The action space for a autonomous agent is the range of possilbe actions at any time. The gamecube controller is the primary input for Melee, so that will be the primary basis for action space. However, the gamecube controller is composed of two analog control sticks (8 bits on two axes), two analog triggers (8 bits), and twelve distinct digital buttons. This gives a total of ~1 billion input combinations. It would be impossible for a human to learn 1 billion disinct inputs. Similarly, while a computer can enumerate all 1 billion and input them precisely, asking a computer to map 1 billion possible inputs to any number of possible observations is just not feasible. Many buttons on the controller are redundant, and many inputs do nothing in melee, so those can automatically be eliminated. An input on the control stick as well as one button is the most that will ever be needed, so in the end there will be 9 primary control stick positions (this accomodates the vast majority of necessary actions) and 4 required buttons, as well as a no-action button, for a grand total of 37 actions.
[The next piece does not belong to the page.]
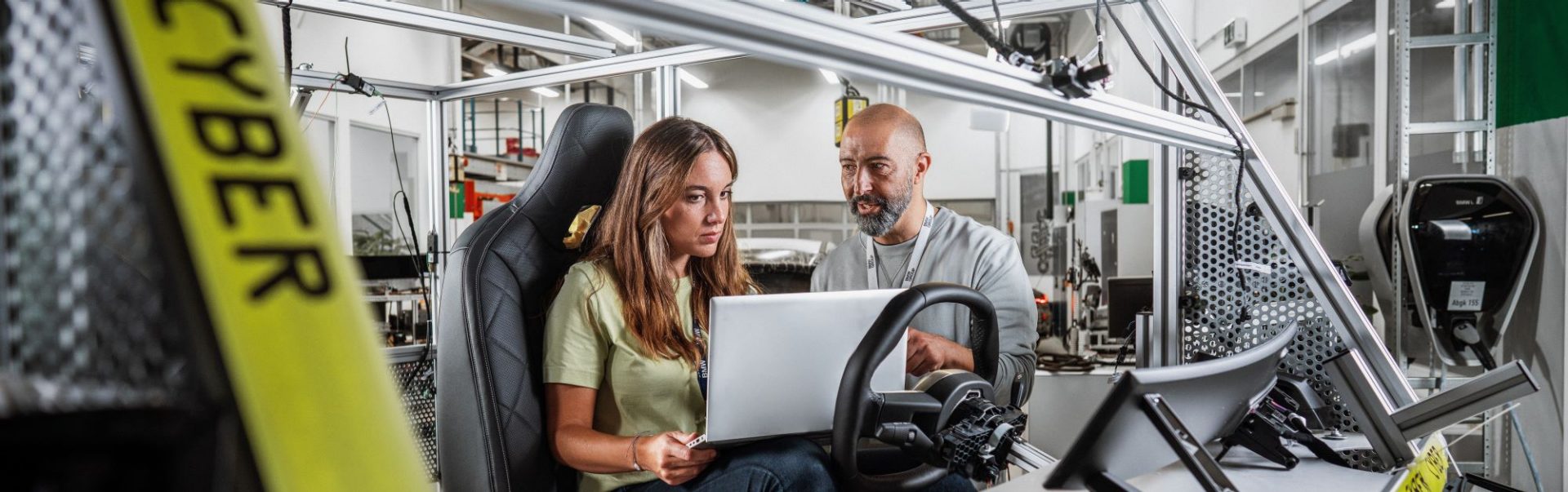 A woman who works in IT Security at BMW discusses something with her colleagues.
The action space for the gamecube controller. Redundant buttons are excluded. Only the 9 primary stick positions are used for simplicity.

Observation Space

Melee has an absolutely massive observation space. Positional data is given by floating point coordinates for characters but also stage bounds. It is also important to keep track of the damage for the opponent but also the agent’s own damage. LibMelee allows the agent to read the current action state for itself and the opponent.